А потом в этой форме я катался от боли по полу от сказанных моей супругой слов. «Я тебя больше не люблю». И это было в день моей демобилизации.

Этот рой мыслей пронесся со скоростью света в моей голове. А меж тем, аэропорт продолжали обстреливать. Когда я ехал на войну, так или иначе мое воображение рисовало киношные картинки этих мест. Все должно было выглядеть как-то иначе. По-другому. Мой разум и память не хотели воспринимать реальность такой. Все было много жестче, страшнее и проще. И эти мужики, стреляющие и пытающиеся заткнуть ВСУ, чтобы те не стерли с лица земли еще одну женщину или ребенка, не были похожи на военных с обложки. Они были грязные как черти, какие-то зло-веселые, молчаливые. И простые. Без всех этих героических фраз и напыщенности. Такие они были, мужики на передовой. Шахтеры, строители, водители, работяги одним словом. Я не встретил тут кадрового офицера российской армии. Нет. И солдата тоже – нет. И я вам больше скажу – за полгода на передовых я не встретил ни одного кадрового россиянина.

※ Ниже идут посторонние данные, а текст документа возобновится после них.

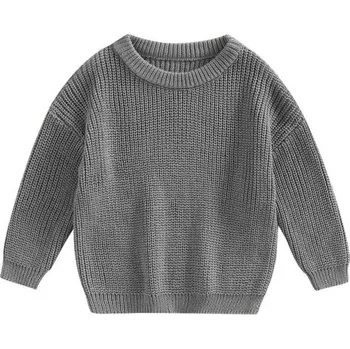 Dívčí svetr Pletený dětský svetr z bavlny s dlouhým rukávem pro novorozence Podzimní a zimní volný ležérní top Jednobarevné oblečení pro dívky i chlapce šedá 12-18 měsíců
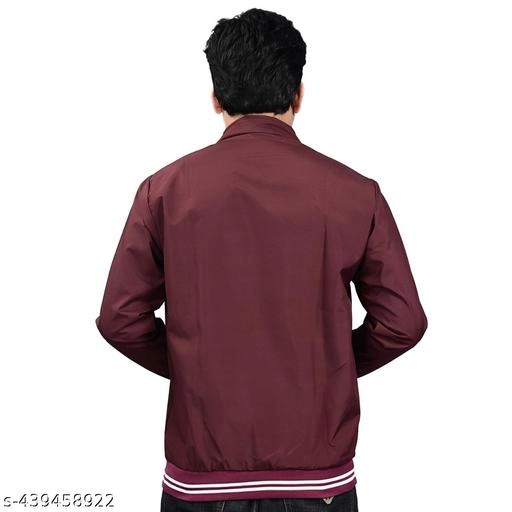 Polyester Jacket for Men (Maroon, M)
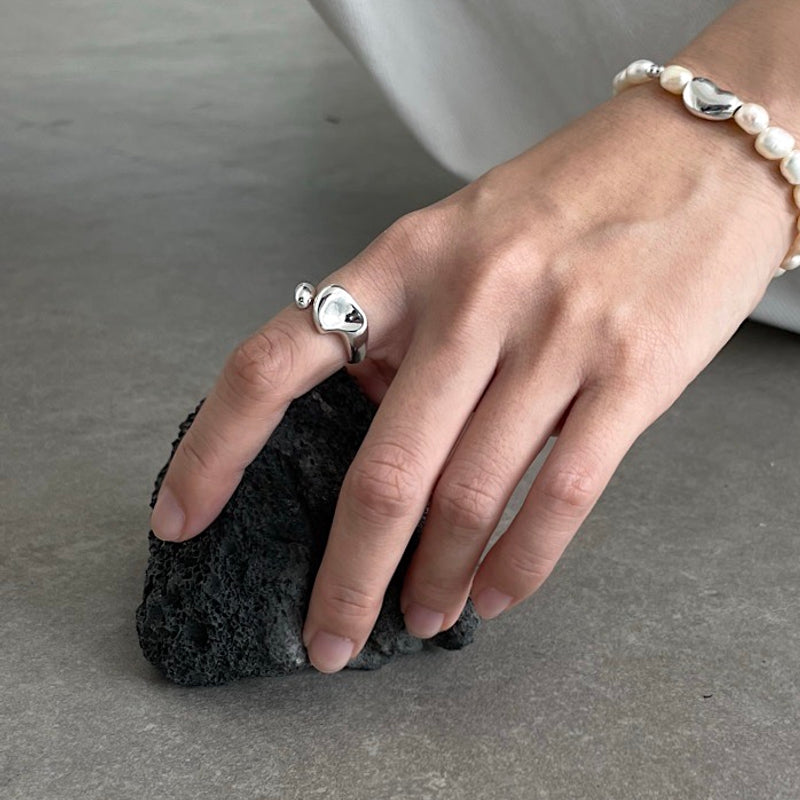 Bold pebble ring  (Sterling Silver)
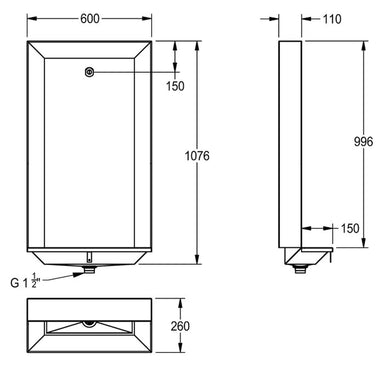 Technical drawing of Franke Campus urinal Stand, 600mm wide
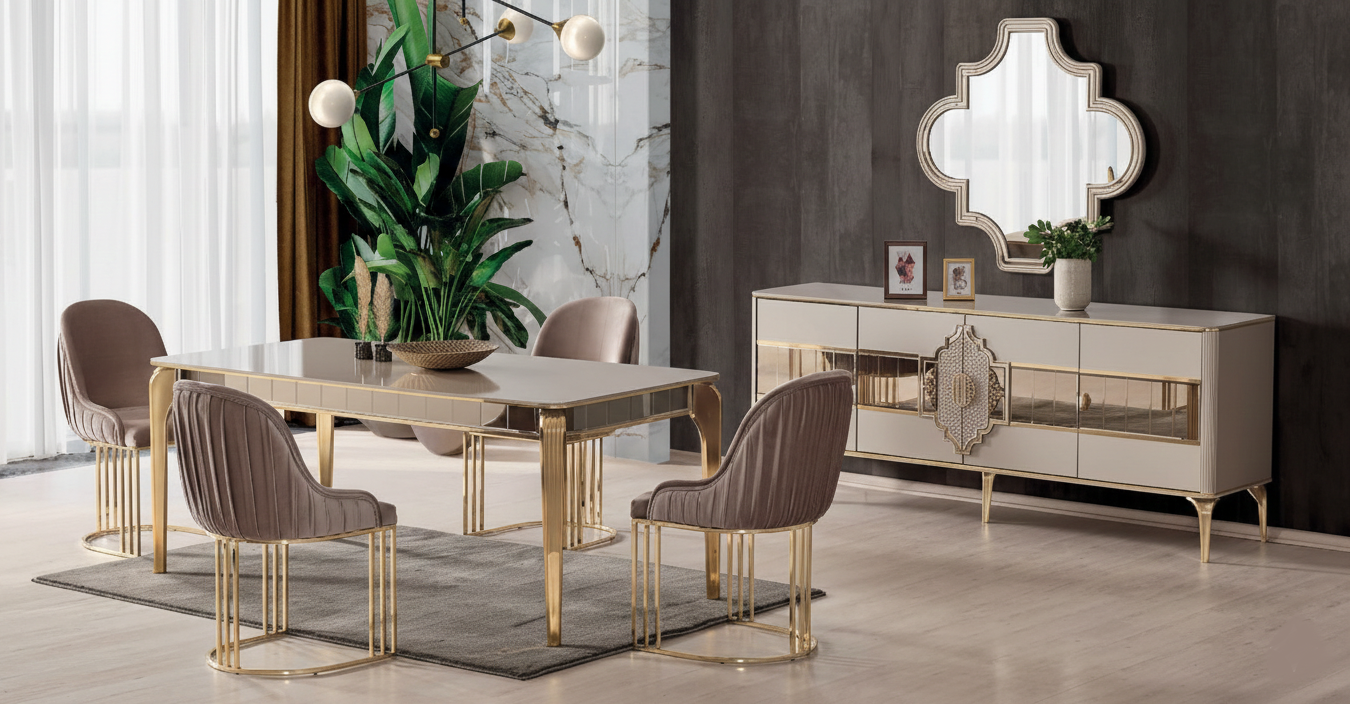 Elegantes 6-teiliges Esszimmer-Set: Tisch, 4 Stühle Sideboard + Spiegel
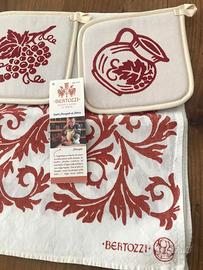 Presine da cucina e strofinaccio con stampe romagn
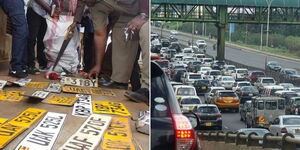 Photo collage of number plates impounded during an operation and vehicles along Thika Road in Nairobi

Так или иначе, я успел снять stand up, записать интервью у молодого ополченца. Он отвел меня в тот угол терминала, который простреливался насквозь. Сидели мы за какой-то железкой, а за ней недалеко стоял разбитый английский броневик. Квадратный. И я все думал, а что, вот если сейчас? Прямо во время интервью? Пот заливал глаза, и мне было жутко неудобно перед этим парнем. Что он сидит, рассказывает, за что воюет и почему, а я сижу и плачу, потому что влага моего тела разъела мои же глаза. Обратный путь не помню совсем. Разве что, когда мы доехали до девятиэтажки, в которой тогда базировался батальон «Сомали», из БТРа мы выпрыгнули еще быстрее, чем в аэропорту. Мужики даже посмеялись и похвалил, мол: «Мол, молодцы, смекают, что к чему».